South African manufacturers await court decision
Persistence may soon pay off for South Africa’s tyre manufacturers. In early September the Supreme Court in the city of Bloemfontein will hold the final hearing on an appeal regarding the dumping of Chinese tyres in South Africa. If the decision goes its way, the local industry will be given the means of resisting something said to be injuring its viability.
September’s court hearing will likely be the final battle in a campaign that began six years ago when the South African Tyre Manufacturers Conference (SATMC) applied for International Trade Administration Commission of South Africa to instigate an anti-dumping investigation. The SATMC, who represents the four multinational companies producing tyres in the country – Apollo Tyres, Bridgestone, Continental and Goodyear – alleged tyres originating in or imported from China were causing material injury to the South African tyre manufacturing sector.
The commission claims to have examined “all known producers and exporters” of Chinese tyres by means of questionnaire, and in June 2006 its preliminary determination reported that while manufacturers including Triangle, Aeolus, Shandong Chengshan, Giti, Kenda and Kumho were not dumping tyres in South Africa, other exporters were indeed engaging in this practice. It stated that the South African industry “is suffering material injury” and that there is “a causal link between the dumping of the subject product and the injury.” Yet ten months later, after “considering all the comments from interested parties”, the commission decided that factors other than dumping, such as the volume of Chinese imports at non-dumping prices, were responsible for harming the local industry. The commission therefore recommended to South Africa’s Minister of Trade and Industry that the tyre dumping investigation be terminated.
The SATMC appealed this decision, complaining the investigation team visiting China accepted figures provided by manufacturers without compiling proper audit reports. It claimed the commission displayed a “totally unsympathetic attitude” towards South African tyre manufacturers. In June 2010, the Supreme Court of Appeal ruled in favour of the SATMC’s appeal and ordered the commission to conduct a fresh anti-dumping investigation within four months, using prices from a third country. Instead of complying, the commission took this ruling to the Supreme Court in Bloemfontein, and now the industry awaits the final hearing on September 7.
Recently, Apollo Tyres chairman and managing director Onkar S Kanwar said “government inaction on [the] large scale import of tyres into South Africa is taking a toll on the tyre manufacturing industry.” The cost in terms of rand, pounds or dollars is difficult to calculate, however South Africa’s Mail & Guardian notes that out of an estimated annual replacement tyre market of seven million units, in 2010 Chinese imports account for 1.69 million, or approximately 24 per cent. Seven years earlier only 35,000 tyres were imported from China and the total amount of imported tyres entering South Africa was less than half the 2010 figure of 55 per cent.

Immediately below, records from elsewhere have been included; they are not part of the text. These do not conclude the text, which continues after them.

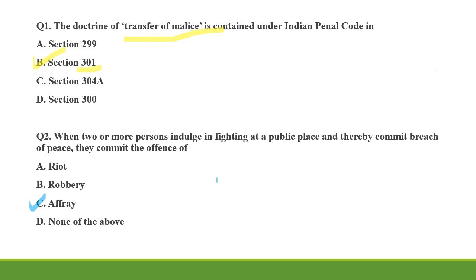Refer Section 159 of the Indian Penal Code for this question. This is a very important question and you should know it. Also see Section 160 for the punishment related to affray.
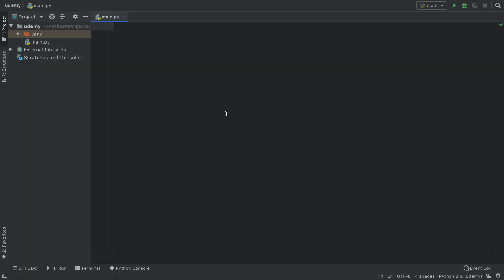In this lesson we're going to go over how we can use the pass keyword in our programs. Essentially the pass keyword is used just as a placeholder for code that we have not implemented yet.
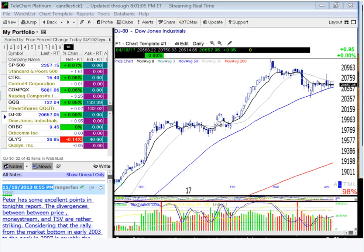Good evening everybody. Nice spring evening in Pittsburgh. Had all the doors open on the barn. Painted a couple of my wagon wheels laying up against the fence. Think I even might have gotten a suntan.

The Mail & Guardian reflects that if the Supreme Court requires the International Trade Administration Commission to ignore the South African government’s decision, South African president Jacob Zuma “may have to choose between his relationship with China and the need to assist South African industry as it faces increasing competition from cheap Chinese imports.” Whatever the wider implications for South Africa, with other factors also eroding the local industry’s competitiveness – Kanwar pointed to the “high cost of manufacturing and recurring wage negotiations in South Africa” – it is clear that September’s decision is an important one for the country’s tyre makers.